> AVAILABLE DATA:
____________
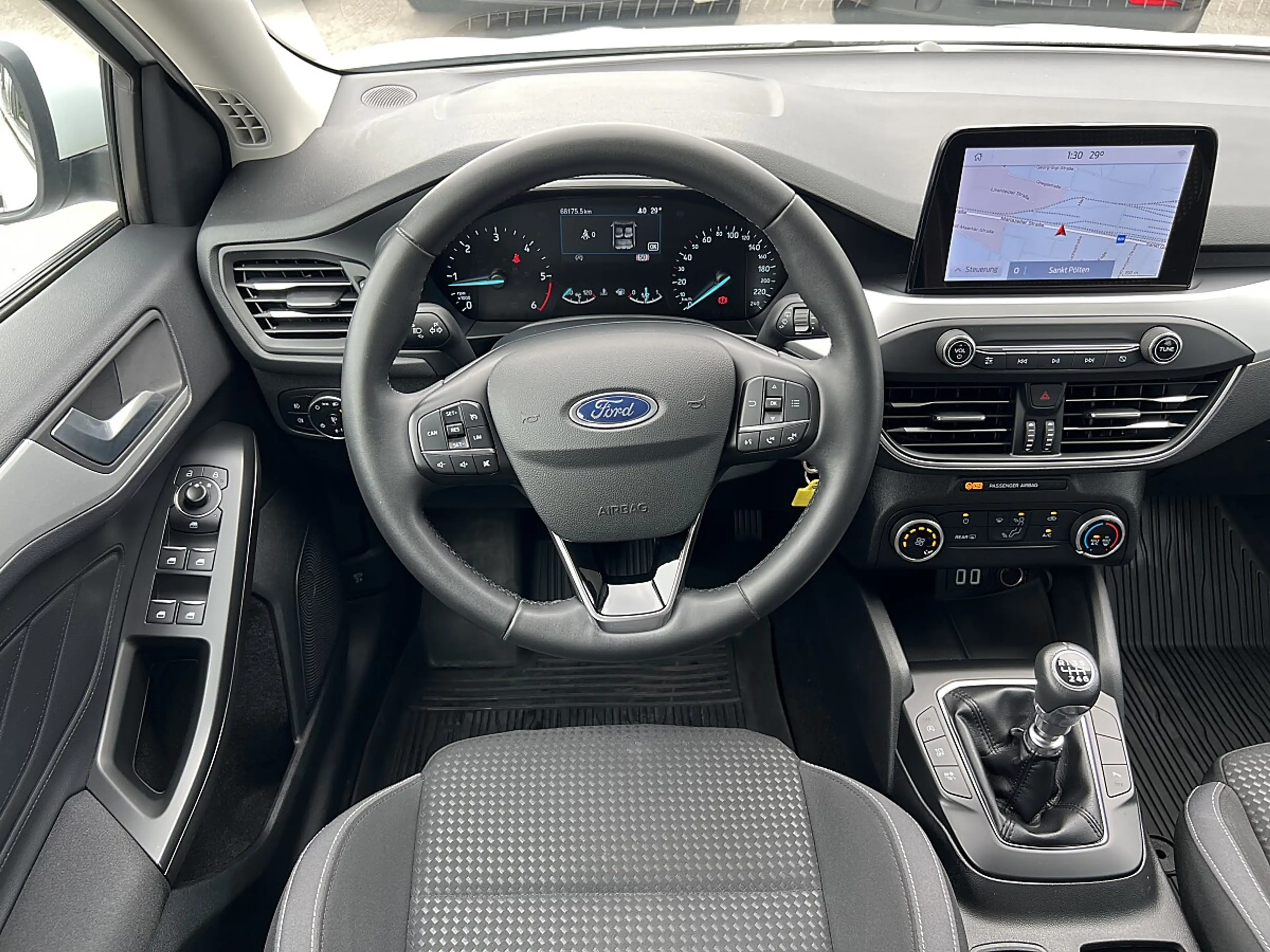 Ford Focus Traveller 1,5 EcoBlue Cool & Connect — photo 13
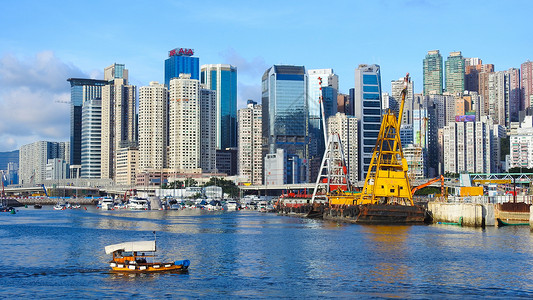 河边小船晴天中的湖泊海洋和船只背景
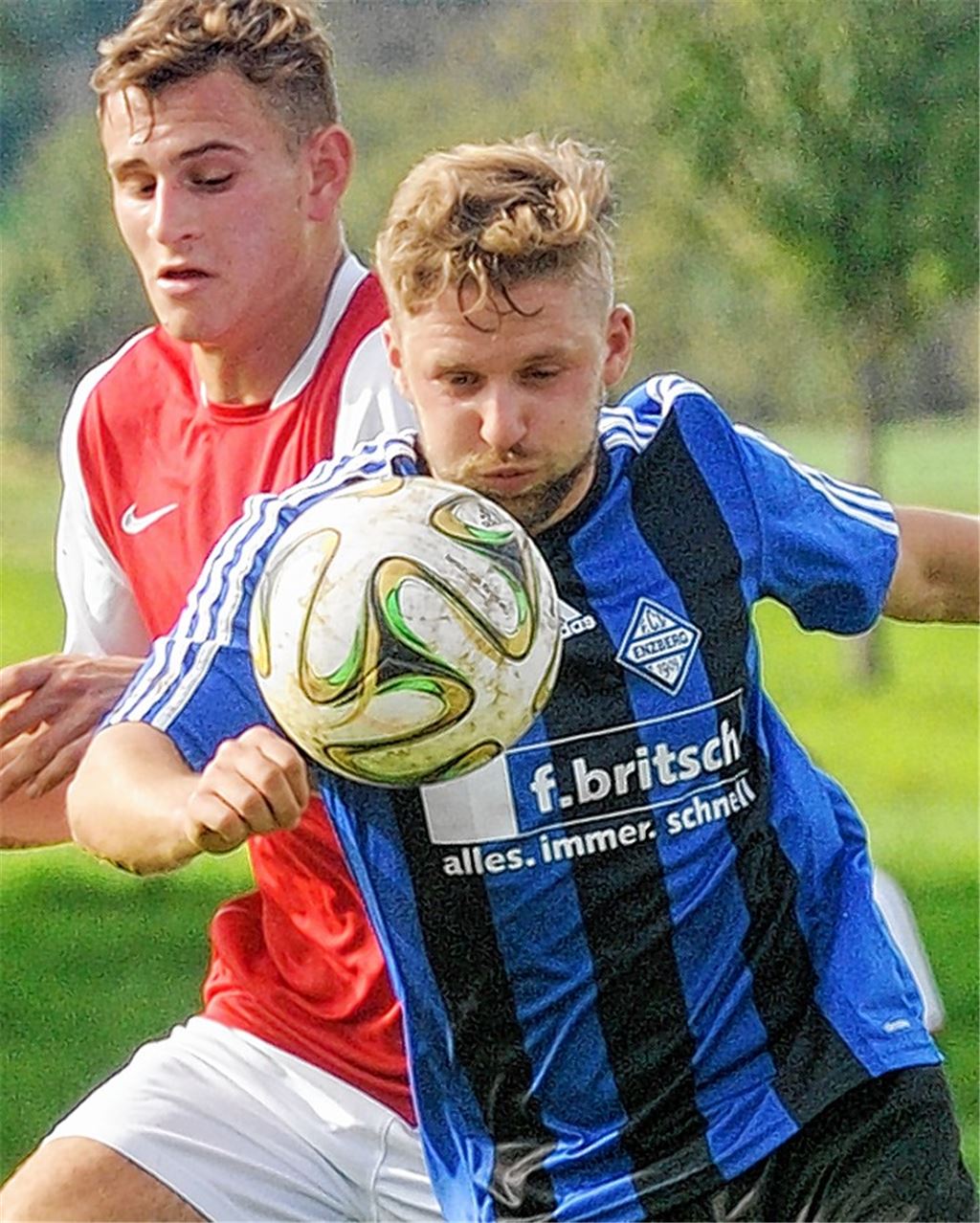 Enzberg (blau) hat in Knittlingen kaum Chancen.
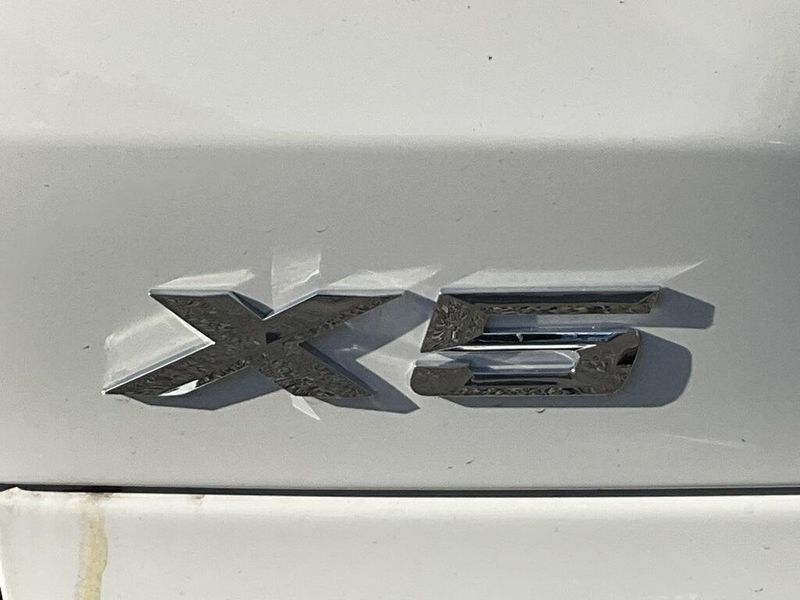 2025 BMW X5 xDrive50eImage 14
____________
> WHAT YOU NEED TO DO:
For the data above, return an exact copy that contains no pictures.

> ANSWER TO THIS EXERCISE:
 Ford Focus Traveller 1,5 EcoBlue Cool & Connect — photo 13
 河边小船晴天中的湖泊海洋和船只背景
 Enzberg (blau) hat in Knittlingen kaum Chancen.
 2025 BMW X5 xDrive50eImage 14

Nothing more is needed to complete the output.